Simulation studies and spectroscopic measurements of a position sensitive detector based on pixelated CdTe crystals

TL;DR

This paper presents simulation and spectroscopic studies of a pixelated CdTe detector designed for radioactive source localization and identification, evaluating its efficiency, energy resolution, and source localization capabilities.

Contribution

It introduces a novel multilayer pixelated CdTe detector for radioactive source detection, with comprehensive simulation and experimental validation of its performance.

Findings

The detector achieves high energy resolution in spectroscopic measurements.

The detector effectively localizes radioactive sources using the Compton effect.

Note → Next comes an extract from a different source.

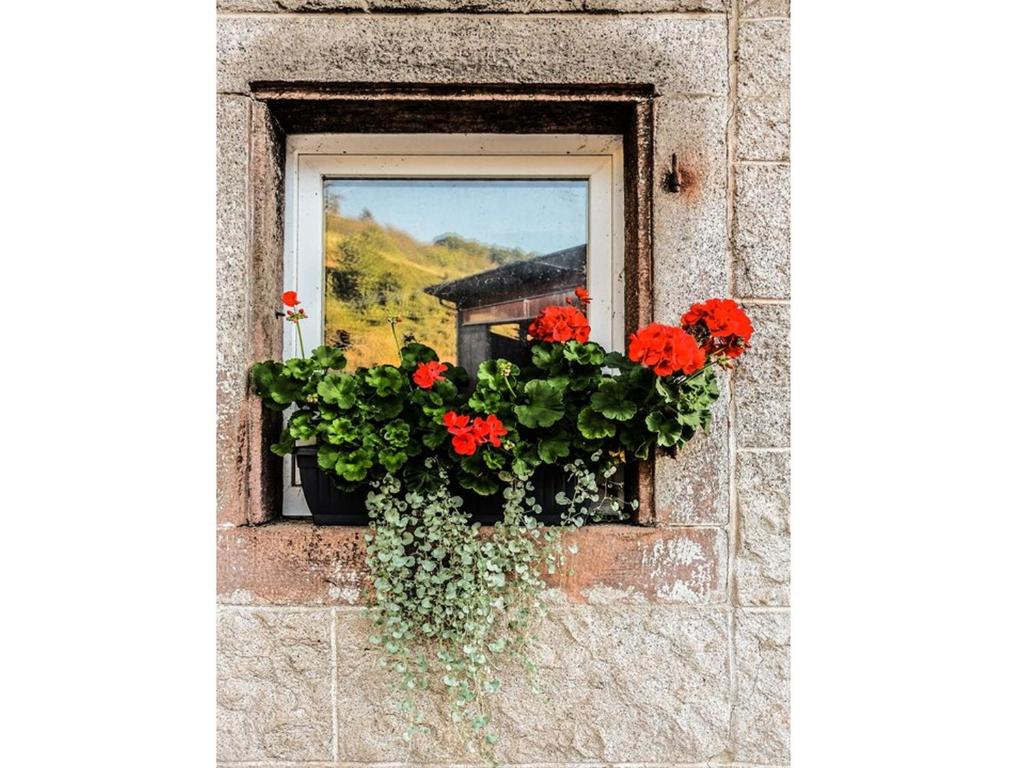 Fotografie z fotogalerie ubytování Ferienwohnungen Giedensbach v destinaci Oberkirch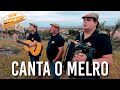 Trio Alvoroço - Canta o Melro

Efficiency varies with photon energy, optimized for specific applications.

Abstract

Simulation studies and spectroscopic measurements are presented regarding the development of a pixel multilayer CdTe detector under development in the context of the COCAE project. The instrument will be used for the localization and identification of radioactive sources and radioactively contaminated spots. For the localization task the Compton effect is exploited. The detector response under different radiation fields as well as the overall efficiency of the detector has been evaluated. Spectroscopic measurements have been performed to evaluate the energy resolution of the detector. The efficiency of the event reconstruction has been studied in a wide range of initial photon energies by exploiting the detector's angular resolution measure distribution. Furthermore, the ability of the COCAE detector to localize radioactive sources has been investigated.